Noack, however, has made clear that he’ll lead a petition drive to stop the tollroad, especially after three major developments have occurred. First, Texas Department of Transportation (TxDOT) Executive Director James Bass on April 19 echoed the December 19 comments of Texas Transportation Commissioner Victor Vandergriff that TxDOT would build the road as a free road, if Montgomery County chooses not to build the road as a tollroad. Bass made those comments in a written statement which his Director of Media Relations released in which the TxDOT Executive Director openly discussed what would happen if the road proceeded as a free road. Second, voters in Montgomery County and throughout Texas passed Proposition 2 in the Republican Primary Election on March 6 by a 91% vote that called for construction or financing of tollroads only if voters first approved the tollroad. Third, Governor Greg Abbott and Lieutenant Governor Dan Patrick, as well as numerous legislators, have called for an end to tollroads in Texas.
Noack has placed an item on the Commissioners Court agenda as follows: “CONSIDER, DISCUSS AND TAKE APPROPRIATE ACTION REGARDING AMENDMENT, REVISION AND/OR TERMINATION OF THE SH 249 CONSTRUCTION, OPERATION AND MAINTENANCE AGREEMENT BETWEEN MONTGOMERY COUNTY AND TXDOT DATED APRIL 13, 2015 (RATIFIED AND APPROVED BY MONTGOMERY COUNTY ON APRIL 21, 2015).:
Noack told The Golden Hammer in an exclusive interview, “I will fight this tollroad to the end.
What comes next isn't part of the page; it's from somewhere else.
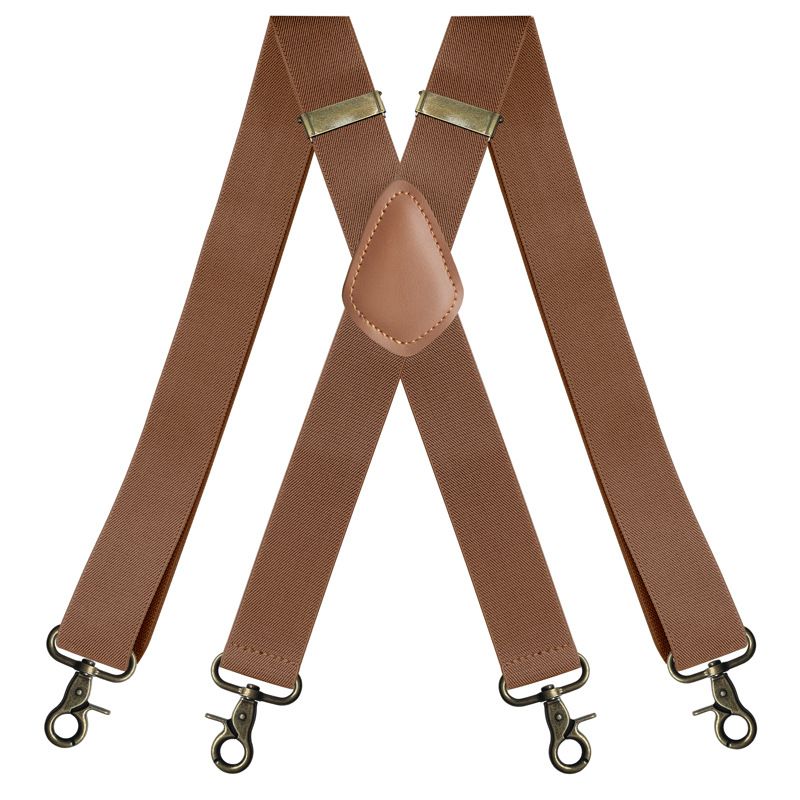 VOOTHOST Vintage Suspenders For Men Work Heavy Duty Big Tall 3.5cm Wide X-Shape 4 Bronze Snap Hooks Adjustable Elastic Trouser Braces F0213_voghion.com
There is no reason for construction of the TX 249 extension as a tollroad when TxDOT clearly would build the road as a freeload. We’ve spent way too much of taxpayers’ dollars on this project already.” Noack confirmed that he intends to start a petition drive, if the Commissioners Court proceeds with the tollroad construction contract.
Doyal, Riley, Muller, and Adams seek to finance the TX 249 Tollway, better known as the Decimation of Hope Highway, through issuance of revenue bonds in an amount they have refused to disclose under Texas Transportation Chapter 284.
Texas Transportation Code Chapter 284 explicitly allows the County government to call for a referendum to allow voters to approve or disapprove the road financing which, in a normal County government, would precede the letting of the contract for the construction. Since Riley and Doyal have made clear they wouldn’t support a citizen referendum, despite Riley’s public promises to the contrary, Noack intends to lead a petition drive to require that the County government hold a voter referendum before issuance of the revenue bonds.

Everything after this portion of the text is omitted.